**What the task asks:** The expected result is an exact restatement of the data, free of pictures.

**Data excerpt:**
● ● ● ●
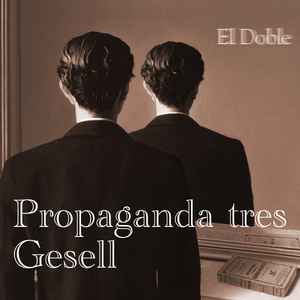 el_doble_propaganda_tres_gesell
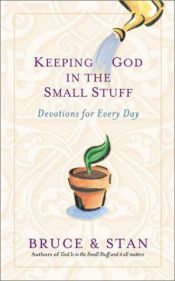 book cover of Keeping God in the Small Stuff: Devotions for Every Day (God is in the Small Stuff) by Bruce Bickel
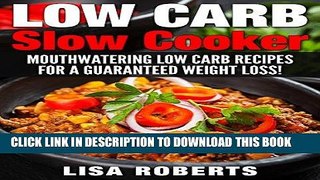Ebook Low Carb Slow Cooker: Mouthwatering Low Carb Recipes for a Guaranteed Weight Loss! (low carb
● ● ● ●
**Solution:**
 el_doble_propaganda_tres_gesell
 book cover of Keeping God in the Small Stuff: Devotions for Every Day (God is in the Small Stuff) by Bruce Bickel
Ebook Low Carb Slow Cooker: Mouthwatering Low Carb Recipes for a Guaranteed Weight Loss! (low carb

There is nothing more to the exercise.